A vida e o amor têm muita coisa em comum. Dizem que ambos são belos, sublimes, sagrados. Pode-se dizer até que a vida, quase sempre, é o resultado do amor. Mas há ainda uma outra identificação entre os dois que é especialmente marcante, ou seja, o amor e a vida pretendem ser eternos. E até se poderia dizer que são mesmo, parafraseando o imortal Vinícius de Moraes, mas só enquanto durarem.

Essa é a questão: o belo, o sublime, o sagrado e até a eternidade somente têm sentido se levarmos em conta o fator tempo, ou seja, a ideia de duração. Mas o próprio tempo é um limite, e o problema é que todo limite tem algo de incompreensível e de absurdo. Veja como o limite da vida pode estar logo ali, numa doença incurável, num acidente fatal, ou pode estar lá longe, na velhice dolorosa e decrépita, mas, em qualquer caso, sempre será uma expressão do absurdo: tanto a morte prematura quanto a lenta degeneração.

É curioso como o limite do amor parece seguir, mais uma vez, um destino semelhante ao limite da vida, pois ele pode estar logo ali na separação brusca e inevitável, ou mais longe, na ação prolongada e corrosiva do tempo, que põe a indiferença no lugar do desejo.

O segredo parece estar, portanto, exatamente no tempo. No tempo da vida, no tempo do amor e no tempo do limite.

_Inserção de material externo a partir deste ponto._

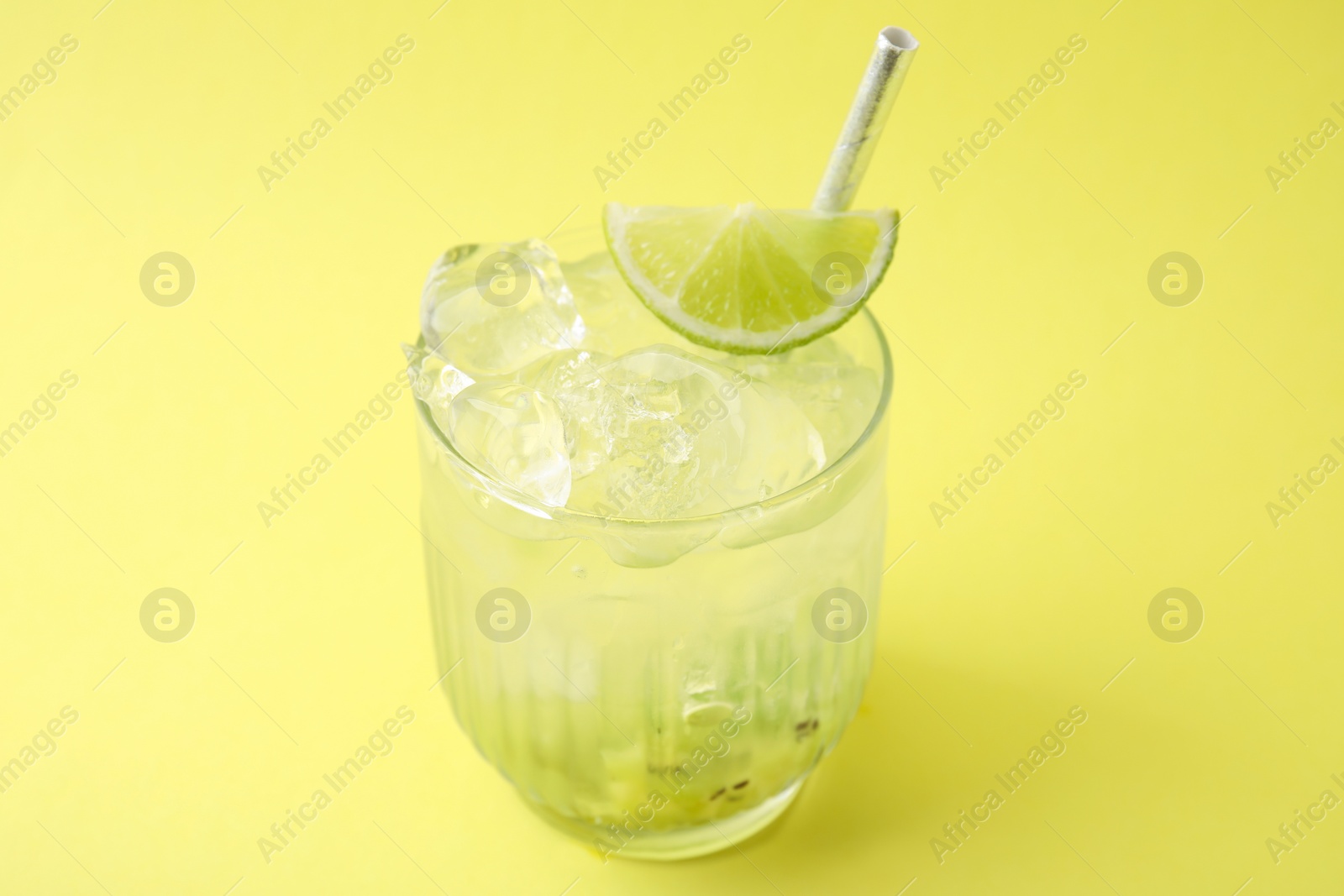 Photo of Glass of refreshing drink with kiwi and lime on yellow background
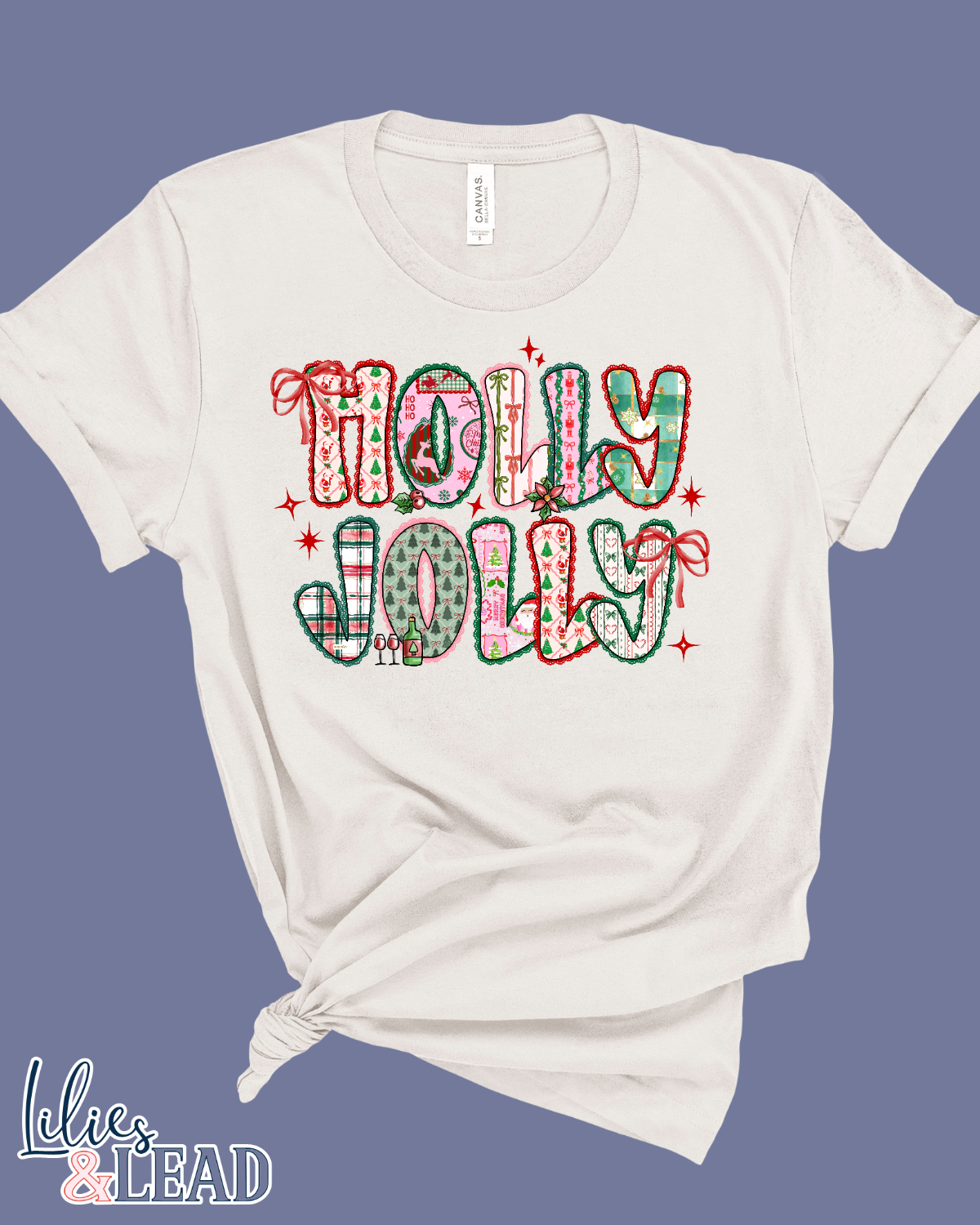 White t-shirt with 'Holly Jolly' patchwork design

Mas, e o tempo, o que seria?  Se não encontrarmos uma boa resposta, podemos ficar ainda com o velho Horácio: carpe diem, na vida e no amor!

Mas, é importante notar, o carpe diem horaciano não esclarece nada, apenas suspende o raciocício sobre qualquer possível explicação para o absurdo da condição humana, e talvez seja até uma espécie de alívio, ou de compensação, para esse absurdo.

A explicação deve estar mesmo no tempo, que é uma das dimensões da realidade, segundo a física de Einstein. E talvez seja justamente por isso, por ser uma das quatro dimensões do real, por ser parte integrante de tudo quanto existe, que o tempo tornou a realidade algo passageiro, relativo, fugidio… como ele próprio.